La réponse aux situations de crise et aux chocs imprévisibles passe en effet par une bonne dose de bricolage: on improvise avec les moyens et informations dont on dispose. On l’a bien vu dans l’inventivité et la débrouillardise dont les départements IT on fait preuve au printemps 2020, lorsqu’il a fallu soudainement équiper un grand nombre voire la totalité des collaborateurs de leur organisation pour le télétravail. Dans ce bricolage en équipe, dans cette navigation à vue, ce qui compte c’est d’avoir des options, de l’autonomie, de l’initiative.
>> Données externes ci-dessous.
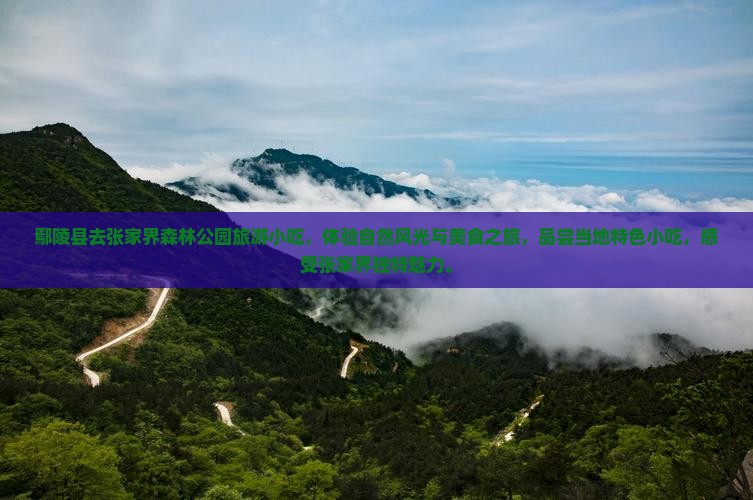 鄢陵县去张家界森林公园旅游小吃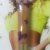 Accessorize Ilusion Diamond Lipgloss-June Product Review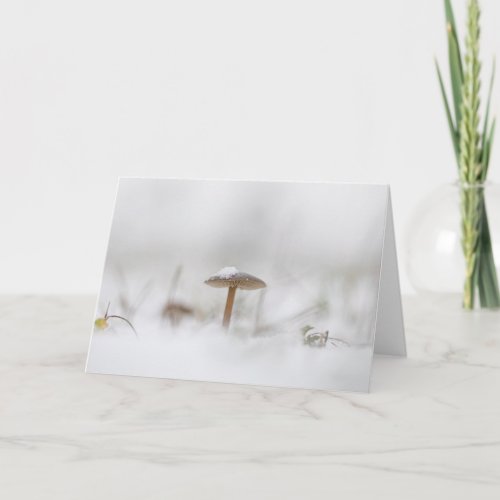 Mushroom Snow Winter Nature Photo Card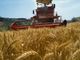 Regione, agricoltura: con il 2019 torna l’anticipo PAC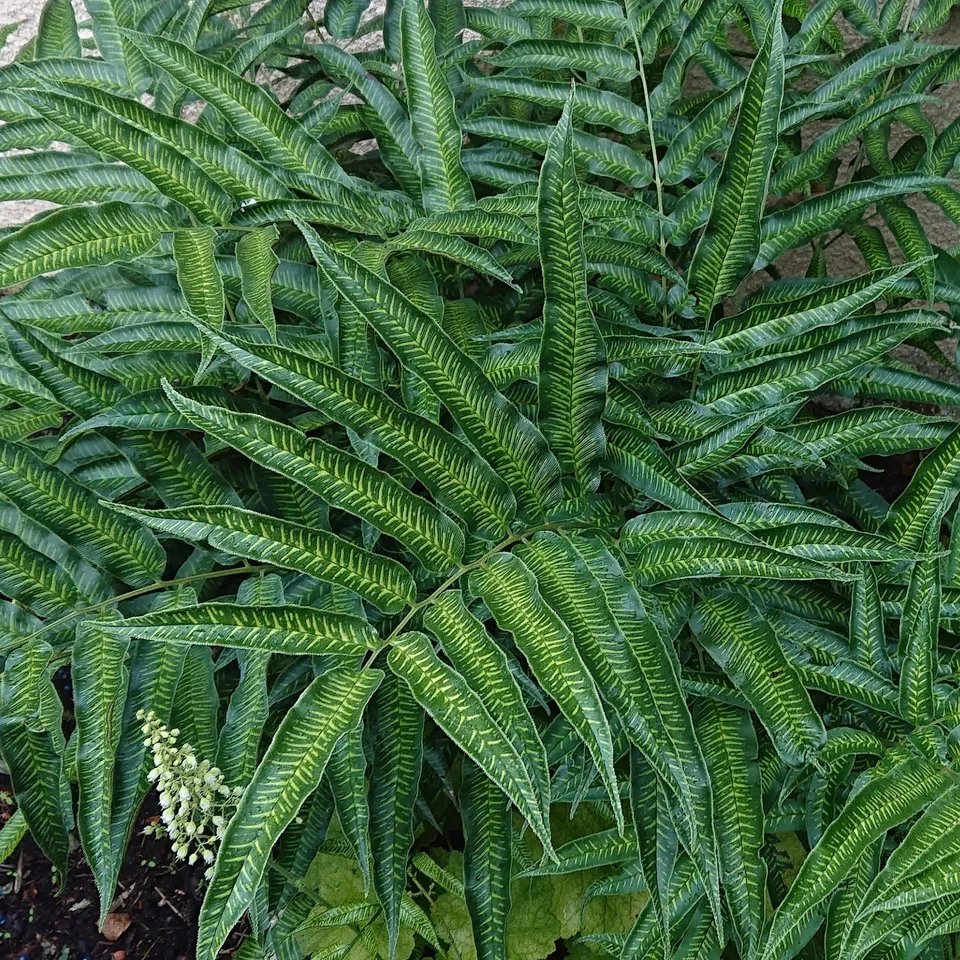 Passion Vivaces Coniogramme emeiensis fougère pot 1L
C’est aussi de pouvoir profiter de l’expérience, de l’expertise et des idées de personnes aux profils variés, qui se fassent confiance. 
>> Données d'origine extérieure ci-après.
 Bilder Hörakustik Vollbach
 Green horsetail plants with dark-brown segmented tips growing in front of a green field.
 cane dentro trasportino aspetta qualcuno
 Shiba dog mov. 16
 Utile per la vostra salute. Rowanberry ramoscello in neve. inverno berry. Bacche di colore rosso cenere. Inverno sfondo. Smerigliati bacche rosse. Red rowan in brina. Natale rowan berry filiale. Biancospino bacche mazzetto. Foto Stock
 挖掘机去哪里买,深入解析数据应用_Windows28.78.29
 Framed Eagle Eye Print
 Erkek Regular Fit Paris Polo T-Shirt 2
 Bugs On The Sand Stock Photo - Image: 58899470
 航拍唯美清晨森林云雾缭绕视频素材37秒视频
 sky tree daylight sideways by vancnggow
On est à l’opposé des processus numérisés, calibrés et automatisés, et rendus prévisibles. «Les machines, l'automatisation, les règles, les processus et le code informatique, par définition, ne peuvent pas être résilients face aux revers ou aux obstacles, sauf dans la mesure où ces problèmes ont été anticipés à l'avance et codés. L'automatisation et la routine sont conçues pour éliminer les frictions et, dans un monde parfaitement automatisé et sans aucune friction, l'initiative, la créativité ou la résilience n'ont pas lieu d'être», explique Don Peppers, auteur réputé à qui l’on doit le concept de marketing one-to-one. Il ajoute que cette automatisation nuit à l’initiative: «Si votre entreprise veut s'assurer une résilience suffisante pour survivre au prochain stress majeur et imprévu, elle doit pouvoir compter sur les personnes, car les personnes ont l'esprit d'initiative, la créativité, la capacité d'adaptation et la résilience, ce qui n'est pas le cas des machines, même des systèmes d'automatisation hautement sophistiqués. […] Lorsqu'un environnement de travail est contrôlé et rationalisé par des règles et des processus - en d'autres termes, lorsqu'il est destiné à fonctionner de manière automatisée - il sera très difficile de cultiver et d'encourager l'initiative humaine».

Ce n’est pas une fatalité. S’il est possible de développer une IT qui ne mise pas systématiquement sur l’efficacité au mépris de la résilience, il est aussi possible d’envisager une numérisation qui ne mise pas systématiquement sur l’automatisation au mépris des capacités de bricolage. Les outils numériques peuvent notamment être d’une grande assistance pour la résolution de problèmes, le partage d’informations et la coordination des équipes. «Nous espérons une numérisation 2.0, basée sur de nouvelles approches plus décentralisées et participatives, qui tiennent compte de la vie privée, où les données sont abandonnées, où nous passons du contrôle à la coordination et de l'optimisation à l'évolution. Cette approche serait compatible avec la démocratie et avec d'autres choses importantes comme la résilience, c'est-à-dire la résistance aux crises, la durabilité, la liberté et l'innovation», écrit Dirk Helbing dans l’hebdomadaire allemand Sonntagsblatt.